The pros of micromanagement: why some traits can be good for business

Interfering bosses can be the bane of workplaces, but recent arguments have concluded some traits of a micromanager can ultimately boost morale

Feature image
Micromanagement has gained a bad reputation but some traits associated with it can lead to positive outcomes in the workplace if implemented correctly. The key is building two-way trust

A typical hovering micromanager causes much disdain within a workplace to the extent colleagues become uncomfortable and productivity is lowered. However, in 2010, a Towers Watson Global Workforce Study of more than 20,000 private sector employees in 22 countries found the most effective managers were constant communicators and time allocators, utilising traits of micromanagement to help them achieve their goals as well as those of the organisation. Considering the negative perception of micromanaging in the workplace, it begs the question as to whether it is a positive or negative for companies around the world.

In recent years, micromanagers have been condemned as egotistical, highly competitive and detail orientated, with a distrust of subordinates. In fact, the label is so unmentionable within the workplace that most managers or supervisors try to avoid any link with its ‘symptoms’. Being critical of junior workers, being easily irritated if decisions are made without their input and never seeking out opportunities to provide praise are apparent tell-tale signs of the micromanager. It can be extremely intimidating to have a boss constantly monitoring you.
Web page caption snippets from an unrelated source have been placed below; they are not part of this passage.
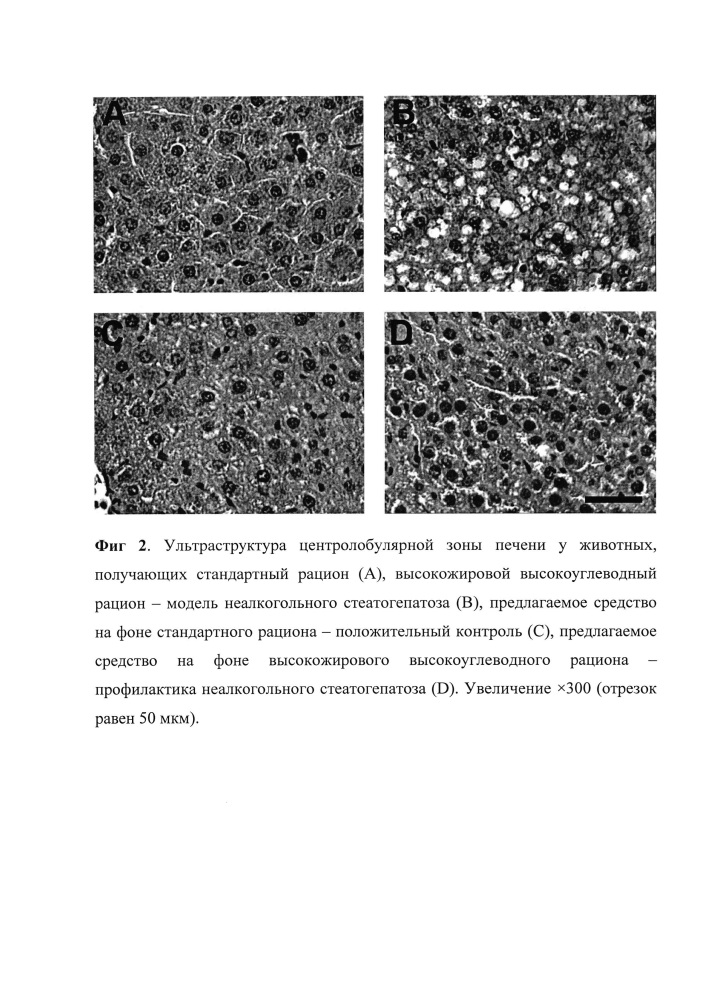 Средство для лечения и профилактики неалкогольной жировой болезни печени (патент 2644282)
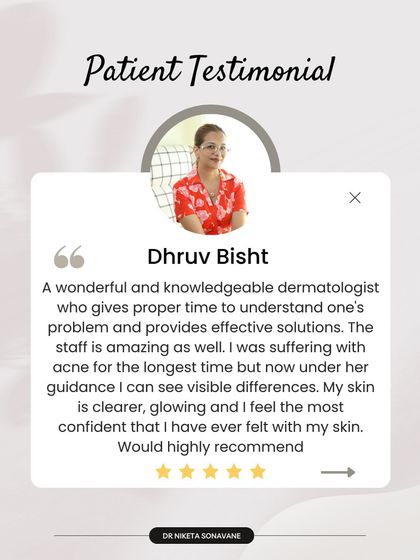 "My skin is clearer, glowing and I feel the most confident that I have ever felt." This is the ultimate goal for every patient. After a long struggle with acne, this patient's visible results are a testament to a guided, effective treatment plan.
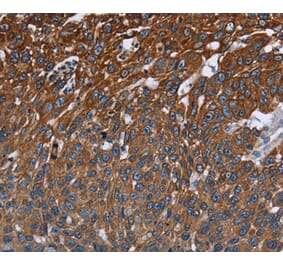 Immunohistochemistry - FCGR3A Antibody from Signalway Antibody (36548) - Antibodies.com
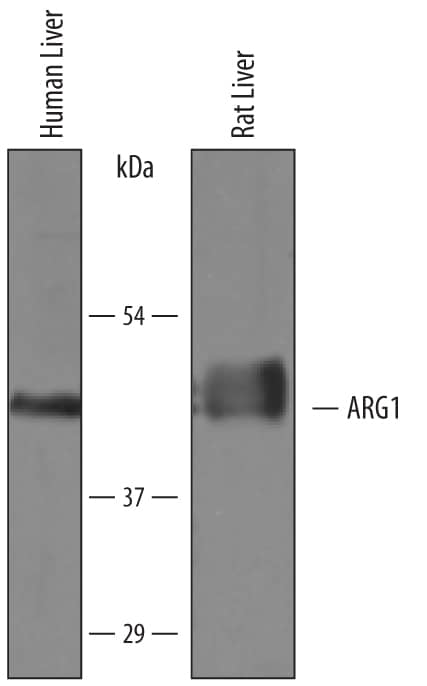 Western blot shows lysates of human liver tissue and rat liver tissue. PVDF membrane was probed with 0.25 µg/mL of Sheep Anti-Human/Mouse/Rat Arginase 1/ARG1 Antigen Affinity-purified Polyclonal Antibody (Catalog # AF5868) followed by HRP-conjugated Anti-Sheep IgG Secondary Antibody (Catalog # HAF016). A specific band was detected for Arginase 1/ARG1 at approximately 41 kDa (as indicated). This experiment was conducted under reducing conditions and using Immunoblot Buffer Group 8.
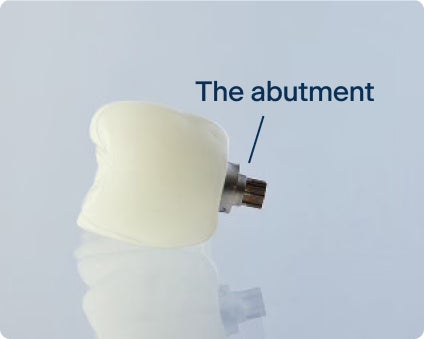An image of a implant tooth with an abutment, the part that connects the implant and the teeth.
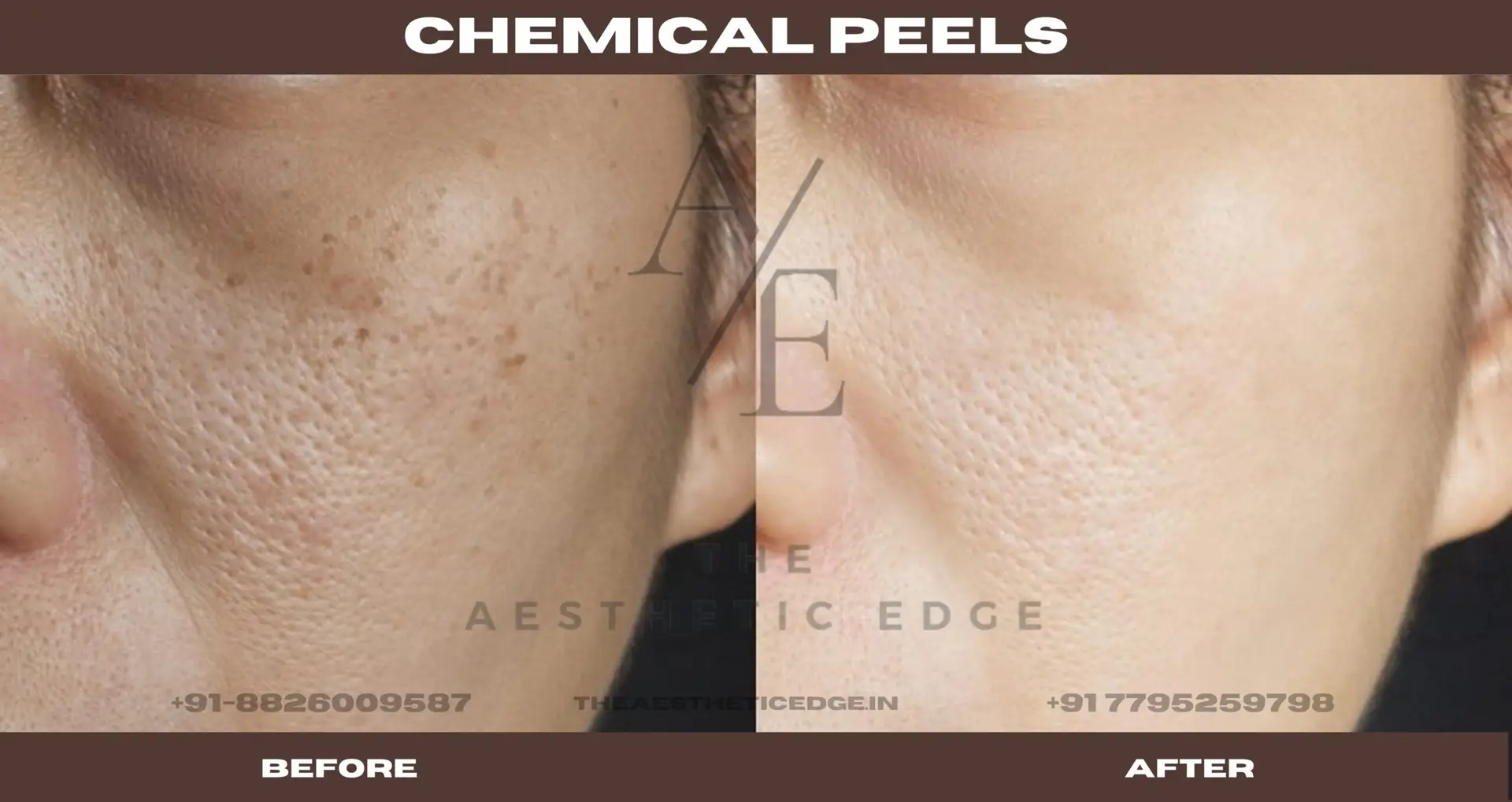 Chemical peel results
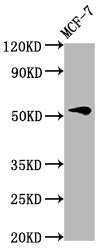 Western Blot
Positive WB detected in: MCF-7 whole cell lysate
All lanes: VTN antibody at 4.6µg/ml
Secondary
Goat polyclonal to rabbit IgG at 1/50000 dilution
Predicted band size: 55 kDa
Observed band size: 55 kDa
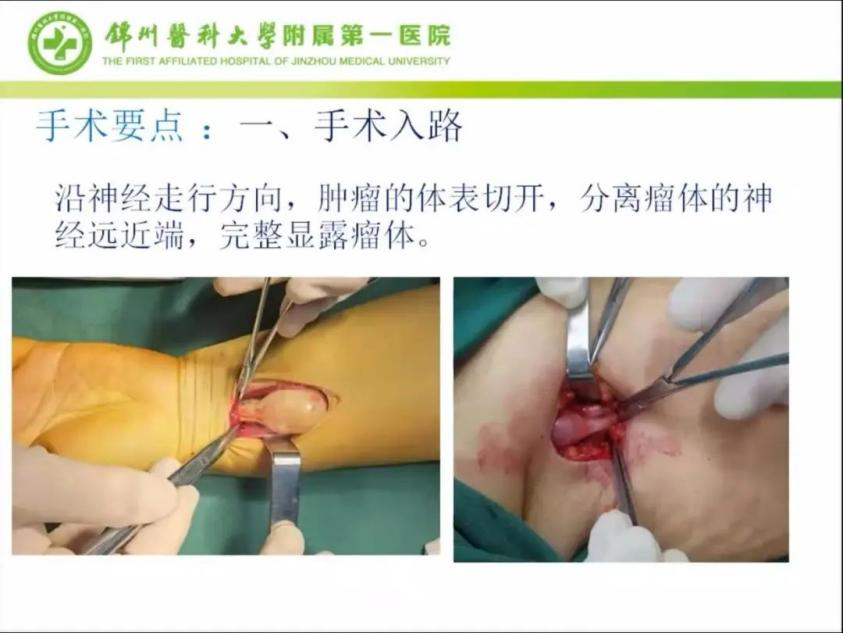 聚焦顯微外科|葫蘆島市醫學會顯微外科學分會第一屆第二次學術會議順利召開(圖13)
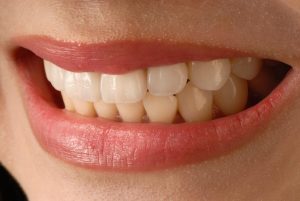 porcelain vs composite veneers thumbnail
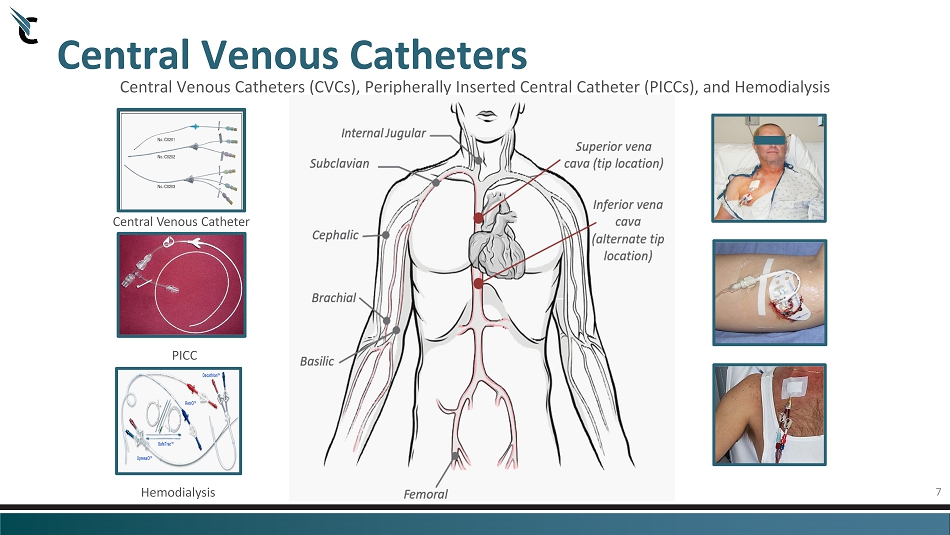 7 Central Venous Catheters Central Venous Catheters (CVCs ...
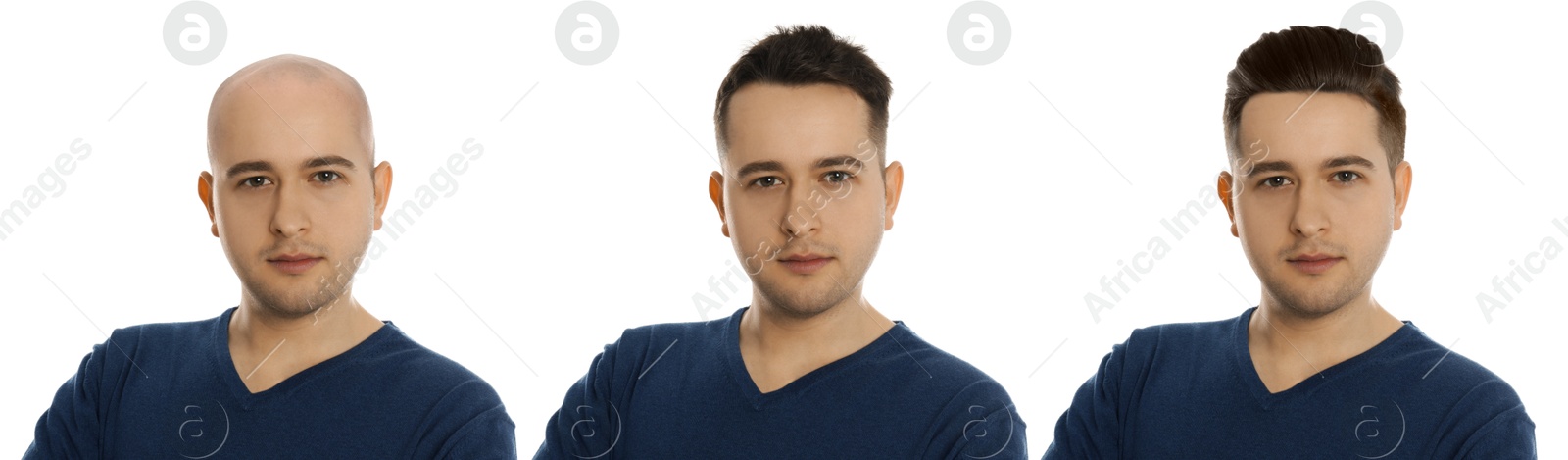 Baldness. Man before and after wearing wig or hair treatment, collage Image of Baldness. Man before and after wearing wig or hair treatment, collage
The hovering coupled with lack of praise or ‘red pen syndrome’ works to lower morale within the workplace, creating tension, reducing productivity and retention rates.

Workers do not appreciate the hovering boss but they tend to appreciate one who supports them through communication and light monitoring

But, despite negative connotations associated with micromanagers, recent discussions have surfaced regarding the positive use of some micromanagement traits in modern companies. Experts say if the right balance is struck between monitoring and letting others work independently, aspects of micromanagement can be used to positive effect in the workplace. This is especially good news for particular industries and sectors where certain aspects of micromanagement are unavoidable, such as in the police force or within a hospital.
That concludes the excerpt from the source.